Abschnitt: Wenn es sich bei der Saat um Pflanzen handelt, deren Wurzeln im Boden verbleiben und die wiederholt geerntet werden können, wie etwa Klee oder Minze, so ist es möglich, dass für sie dieselbe Regelung gilt wie die von uns bereits erläuterte, da sie unter den allgemeinen Begriff der Saat fallen und keine starken oberirdischen Ausläufer besitzen, womit sie dem Weizen oder der Gerste gleichen. Es ist jedoch auch möglich, dass für sie die Regelung der Anpflanzung (Gars) gilt, da ihre Wurzeln bestehen bleiben und sie wiederholt eingebracht werden können. Zudem erfordert die Analogie (Qiyas), dass für jede Art von Saat die gleiche Regelung wie für die Anpflanzung festgeschrieben wird. Dass davon bei Kulturen mit kurzer Wachstumsdauer aufgrund der Überlieferung (Athar) abgewichen wurde, bedeutet, dass in den übrigen Fällen an der Grundregel der Analogie festgehalten werden muss.
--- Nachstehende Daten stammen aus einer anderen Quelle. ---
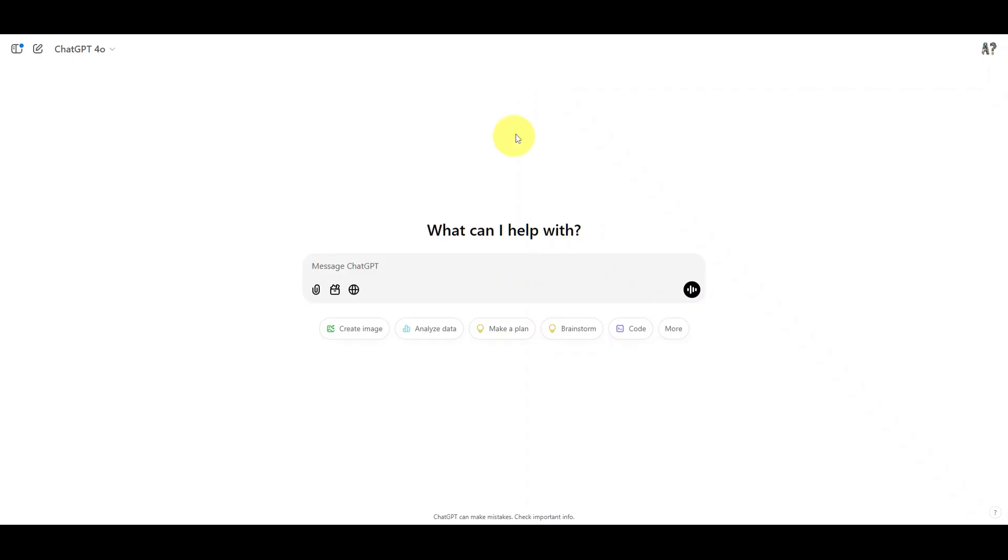Also note that if you are a free user, you will currently not have access to Tasks, as it is in beta and is only available to paid accounts.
Abschnitt: Wenn jemand ein Grundstück raubt und dort anpflanzt, sodass es Früchte trägt, und der Eigentümer den Räuber stellt, nachdem dieser bereits die Früchte geerntet hat, so gehören diese ihm. Stellt er ihn jedoch, solange die Früchte noch am Baum hängen, so verhält es sich ebenso; denn es sind die Früchte seines Baumes, weshalb sie ihm zustehen, so als wären sie auf seinem eigenen Grundstück gewachsen. Zudem sind sie der Zuwachs eines Ursprungs, der rechtlich dem Räuber zugesprochen wurde, weshalb sie ihm gehören, genau wie die Zweige und Blätter, oder die Milch eines Schafes und dessen Nachkommen. Al-Qadi sagte: Sie gehören dem Eigentümer des Bodens, falls er ihn während der Pflanzphase stellt, da Ahmad in einer Überlieferung von Ali ibn Sa'id sagte: „Wenn jemand ein Grundstück raubt und dort anpflanzt, gehört der Zuwachs dem Eigentümer des Bodens.“ Al-Qadi fügte hinzu: „Er [der Eigentümer] muss ihm jedoch die Kosten erstatten, die der Pflanzende für die Bewirtschaftung der Früchte aufgewendet hat, da die Früchte in ihrer Bedeutung der Saat entsprechen und daher dem Eigentümer des Bodens zustehen, wenn er sie in diesem Zustand vorfindet, genau wie bei der Saat.“ Die erste Ansicht ist jedoch korrekter, da Ahmad ausdrücklich erklärte, dass die Wegnahme der Saat durch den Eigentümer des Bodens etwas sei, das nicht mit der Analogie übereinstimme, und er dazu nur aufgrund der Überlieferung (Athar) übergegangen sei. Somit ist diese Bestimmung auf diesen speziellen Fall begrenzt und nicht auf andere Fälle zu übertragen. Zudem unterscheidet sich die Frucht von der Saat in zweierlei Hinsicht: Erstens ist die Saat ein Zuwachs des Bodens und gehört daher dessen Eigentümer, während die Frucht ein Zuwachs des Baumes ist und somit dessen Eigentümer gehört. Zweitens muss er [der Eigentümer] den Ersatz für die Saat zurückgeben, die er genommen hat – also das Saatgut, aus dem die Saat hervorging, zusammen mit den darauf aufgewendeten Kosten –, was bei Früchten in dieser Form nicht möglich ist.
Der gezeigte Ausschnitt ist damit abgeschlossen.